Soul Symphony

culture

"Baroque calypso!"

That was what I had written in the programme next to the last piece in the 'Soul Symphony' concert at Symphony Hall, conducted by Ken Burton. I couldn't quite believe what I had written — or, for that matter, what I had heard — but there it was. The concert was a celebration of the hymn in all forms, with particular reference to the influences and intertwining of various forms of earlier and later music on gospel and spirituals. The culmination of this exploration was a piece called 'Worship the King', written by Ken Burton. It involved the whole orchestra, bongo drums, a gospel band, some of the Birmingham Symphony Chorus, the City of Birmingham Young Voices, two community choirs and an all-female a capella group called 'Black Voices', who all made — to put it simply — a big sound. The piece started in a lively baroque style, which wouldn't have sounded out of place if it had been written by Handel. Then it suddenly and delightfully morphed into a calypso beat, singing the same phrases. This alternation repeated a couple of times, and then the final section had both styles overlaid on one another, the syncopated calypso phrases slotting in between the more extended baroque ornamentation. It was a work of genius, and I would never have thought that those two styles would sit so comfortably together.

So what was I — an atheist — doing at a gospel concert? Well, despite my atheism, I'm very fond of church and religious music of all kinds, and particularly of gospel and spirituals.
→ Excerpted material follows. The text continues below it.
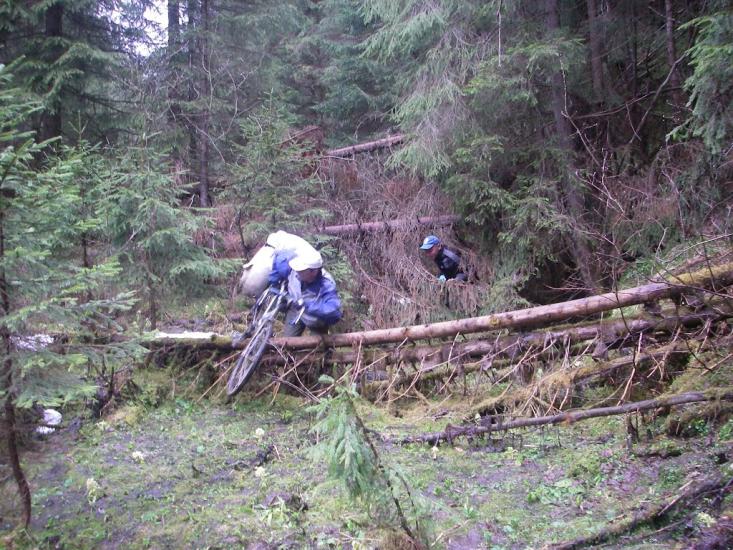 Пробійнівка з panoramio.com - Пробійнівка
Like the Blues, they tend to be sung with a great depth of feeling, whether they are sorrowful or uplifting, and I like music with feeling and 'soul'. I also like learning about the similarities between different musical traditions — particularly vocal styles. Life would be very dull if everything was homogeneous, but people tend to pick what they like from existing styles and make something that is uniquely their own. I didn't know before the concert that gospel was strongly influenced by non-conformist and Methodist music, nor that the hymn 'I Have Decided to Follow Jesus' was written by an Indian prince, so I learnt quite a lot too.

The performers were great, particularly 'Black Voices'. They apparently had the idea for the concert, and did some wonderful a capella renditions of traditional spirituals, like 'Steal Away' and the Old Testament spirituals like 'Joshua Fit the Battle of Jericho' and 'Let My People Go'. I hadn't realized before that gospel singers sing with their hands and bodies as much as their voices. At the start, I think some of the singers felt a bit inhibited by the grand surroundings, and stood quite still, but as they relaxed they started to move about and use their hands, and the music improved tremendously.

It isn't often that you visit the toilets during the interval of a classical concert and hear people singing the pieces they've just heard. But then it's not often that you hear pieces like 'Siyahamba/We Are Marching' (a Zulu chant/hymn) sung with such joy and verve. I'm still singing it now, even though I have no intention of Marching in the Army of the Lord.